Normalized solutions for a class of Sobolev critical Schrodinger systems
Houwang Li, Tianhao Liu, Wenming Zou
TL;DR
This paper investigates the existence, multiplicity, and non-existence of normalized solutions for Sobolev critical coupled Schrödinger systems, providing new results and methods that advance understanding of these complex PDEs.
Contribution
It introduces new existence and multiplicity results for Sobolev critical Schrödinger systems and offers a comprehensive analysis including non-existence in the defocusing case.
Findings
Established conditions for existence and multiplicity of solutions.
Proved non-existence results in the defocusing case.

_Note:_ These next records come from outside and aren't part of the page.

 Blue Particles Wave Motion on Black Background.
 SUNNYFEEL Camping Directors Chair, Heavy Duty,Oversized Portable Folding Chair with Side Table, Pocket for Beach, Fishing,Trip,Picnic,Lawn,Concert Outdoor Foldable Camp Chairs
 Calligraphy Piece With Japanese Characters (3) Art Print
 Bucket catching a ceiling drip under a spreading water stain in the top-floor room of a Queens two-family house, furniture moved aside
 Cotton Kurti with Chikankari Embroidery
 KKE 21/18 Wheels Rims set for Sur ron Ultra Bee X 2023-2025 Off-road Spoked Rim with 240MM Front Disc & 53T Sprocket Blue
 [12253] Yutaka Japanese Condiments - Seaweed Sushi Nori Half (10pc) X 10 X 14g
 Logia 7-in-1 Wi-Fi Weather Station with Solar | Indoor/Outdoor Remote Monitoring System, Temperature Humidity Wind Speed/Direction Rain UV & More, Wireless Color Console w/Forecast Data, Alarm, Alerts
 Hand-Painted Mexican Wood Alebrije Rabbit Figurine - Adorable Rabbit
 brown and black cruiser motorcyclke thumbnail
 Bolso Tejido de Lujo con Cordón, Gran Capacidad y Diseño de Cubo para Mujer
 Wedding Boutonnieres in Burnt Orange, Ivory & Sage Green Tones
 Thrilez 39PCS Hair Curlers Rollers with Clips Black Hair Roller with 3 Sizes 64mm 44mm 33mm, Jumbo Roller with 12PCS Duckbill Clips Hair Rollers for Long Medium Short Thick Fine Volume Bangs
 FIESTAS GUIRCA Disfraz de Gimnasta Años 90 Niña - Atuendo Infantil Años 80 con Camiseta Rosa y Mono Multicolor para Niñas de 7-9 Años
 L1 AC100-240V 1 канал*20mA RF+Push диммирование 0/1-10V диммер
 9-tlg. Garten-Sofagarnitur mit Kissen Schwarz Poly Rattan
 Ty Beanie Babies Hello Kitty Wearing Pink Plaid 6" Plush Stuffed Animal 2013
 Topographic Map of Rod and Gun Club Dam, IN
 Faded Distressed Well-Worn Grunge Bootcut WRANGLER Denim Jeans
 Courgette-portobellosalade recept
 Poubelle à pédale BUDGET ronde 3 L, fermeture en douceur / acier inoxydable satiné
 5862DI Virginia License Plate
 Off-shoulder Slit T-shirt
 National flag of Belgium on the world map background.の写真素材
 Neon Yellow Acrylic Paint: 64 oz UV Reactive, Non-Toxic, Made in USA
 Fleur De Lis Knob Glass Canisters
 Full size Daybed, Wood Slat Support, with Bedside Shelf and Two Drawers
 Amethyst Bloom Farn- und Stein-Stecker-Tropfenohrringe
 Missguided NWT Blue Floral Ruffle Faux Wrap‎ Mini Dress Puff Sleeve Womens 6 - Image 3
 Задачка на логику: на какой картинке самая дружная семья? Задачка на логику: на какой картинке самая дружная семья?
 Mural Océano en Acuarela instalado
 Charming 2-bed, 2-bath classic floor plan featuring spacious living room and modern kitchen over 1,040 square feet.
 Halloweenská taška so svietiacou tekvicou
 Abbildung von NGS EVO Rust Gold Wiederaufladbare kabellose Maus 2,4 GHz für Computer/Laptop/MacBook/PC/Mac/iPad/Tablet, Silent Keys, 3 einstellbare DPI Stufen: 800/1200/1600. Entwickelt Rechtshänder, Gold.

Provided methods potentially applicable to open problems in Sobolev critical growth systems.
Abstract
This paper focuses on the existence and multiplicity of normalized solutions for the coupled Schrodinger system with Sobolev critical coupling term. We present several existence and multiplicity results under some explicit conditions. Furthermore, we present a non-existence result for the defocusing case. This paper, together with the paper [T. Bartsch, H. W. Li and W. M. Zou. Calc. Var. Partial Differential Equations 62 (2023) ], provides a more comprehensive understanding of normalized solutions for Sobolev critical systems. We believe our methods can also address the open problem of the multiplicity of normalized solutions for Schrodinger systems with Sobolev critical growth, with potential for future development and broader applicability.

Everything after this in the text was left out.